33 Figure 9 illustrates how the ERP system automatically triggers the replenishment. In the stock requirement list, the current stock is 6, safety stock 9, the purchase order quantity 8 (4+4), the upcoming customer order 2 pieces, a purchase requisition of 4pcs is triggered on 24.11.2016 which means 4pieces needs to be in warehouse on that date, since the next two customer orders require 4 pieces, which would reduce stock to below the safety stock level 9. With MRP running every hour on daily basis, after each run, a new purchase requisition is trigger. Therefore, the current inventory review policy that regulated by MRP type PD is, in fact, a continuous review. This is also further proven by purchasers via interviews, as described by one purchaser: “The current replenishment process is semi-automatic. SAP automatically generate purchase request when safety stock falls short” (Appendix 4, Purchaser)

Secondly, the key person involved in the ERP system development was interviewed, on how MRP type PD works and why it is chosen. As he said: “I do not know the other MRP-types, they are not in use in the company, but in some other Group companies. This is one part of the 'complicated process' I mentioned in previous email. I think that there would be plenty of options for doing automated or semi-automated material procurement in MRP but the problem was that none of the consultants ever showed us how they are working so we are using the one we chose in the start, which means PD that is working related to Safety stock, Minimum order lot and Planned Delivery Time” (Appendix 2, Aftersales director)

Apparently, the MRP type is not fully explored and utilized due to complexity of the ERP system, this also explains why other MRP relevant such as reorder point and planning cycle are left untouched.

In summary, the currently inventory review is controlled by the MRP procedure in the ERP system. Based on the settings and observation of the replenishment pattern, a continuous review is applied to all products.

4.4

Current Replenishment Process

34 The replenishment process starts with demand forecasting followed by supply planning. Hence, in the case company, the current demand forecasting was examined first, the current supply planning was examined later. 4.4.1

Current Demand Forecasting

The inventory level of Make-to-stock(MTS) products is determined based on the anticipated demand, the anticipation is done by demand forecasting.
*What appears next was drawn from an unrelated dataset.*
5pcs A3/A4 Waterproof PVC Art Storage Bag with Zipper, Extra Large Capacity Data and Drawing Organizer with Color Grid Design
To understand how the case company practices demand forecasting, a key stakeholder was interviewed. According to the interview with the key stakeholder (Field note 4, Appendix 5), there is no demand forecasting process in place. “No, we do not have any external or automated demand forecasting process. The process is fully related to purchase person being active and following the trends and open orders in SAP. For many of our products the demand is so unstable and fluctuating that it might not even work with an automate - but then again I guess there could well be a hundred or even more articles that have a quite constant flow and could be forecasted better than today” (Appendix 5, Aftersales director)

As explained in Appendix 5, the demand forecasting process does not exist in the company, it is not needed in EPR system due to the high fluctuation of demand in general. However, the answer implies that the demand forecasting in the ERP system is feasible for the products with stable demand and should be applied. Furthermore, demand forecasting is currently done by individual purchasers manually, without a process.

The next question is the types of demand, in other words, whether the demand for a product depends on the others. “Our demand is almost fully independent” (Appendix 5, Aftersales director) in the business unit, all products are purchased and sell to customers without the manufacturing process.

In the case company, the old and new products are adopted different methods of demand forecasting. For completely new products, the method is by experience or by hunch:

35 “If the product is something we do not previously have, then the forecast is based on hunch/experience, normally that of the product manager. “(Appendix 5, Aftersales director)

For the old or existing products, demand can be forecasted by historical data of past consumption, the data is available in the ERP system. In the case company, the past consumption data has been used to adjust the level of safety stock, this has been done several times before, according to the interview at Appendix 5. “Yes, we have done it several times in bigger 'runs' with excel (I did it when I was responsible of purchase). But according to our instructions, this is also a process that should be done by purchase persons as part of their normal work. The consumption levels should be checked regularly and safety stocks / minimum order quantities adjusted accordingly.” (Appendix 5, Aftersales director)

However, the EPR system does not utilize demand forecasting for purchase requisition. According to the purchasers: “The current system does not automatically calculate the average demand of items based on the history data when creating the purchase requisitions.” (Appendix 4, Purchaser)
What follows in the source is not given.